▶ **AIM OF THE EXERCISE**
If anything in the data looks odd, keep it anyway and write the whole listing out unchanged.

▶ **PROVIDED MATERIAL**
+---+

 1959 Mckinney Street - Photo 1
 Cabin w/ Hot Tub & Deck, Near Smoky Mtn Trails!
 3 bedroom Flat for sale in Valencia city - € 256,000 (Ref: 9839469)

+---+

▶ **REPLY**
 1959 Mckinney Street - Photo 1
 Cabin w/ Hot Tub & Deck, Near Smoky Mtn Trails!
 3 bedroom Flat for sale in Valencia city - € 256,000 (Ref: 9839469)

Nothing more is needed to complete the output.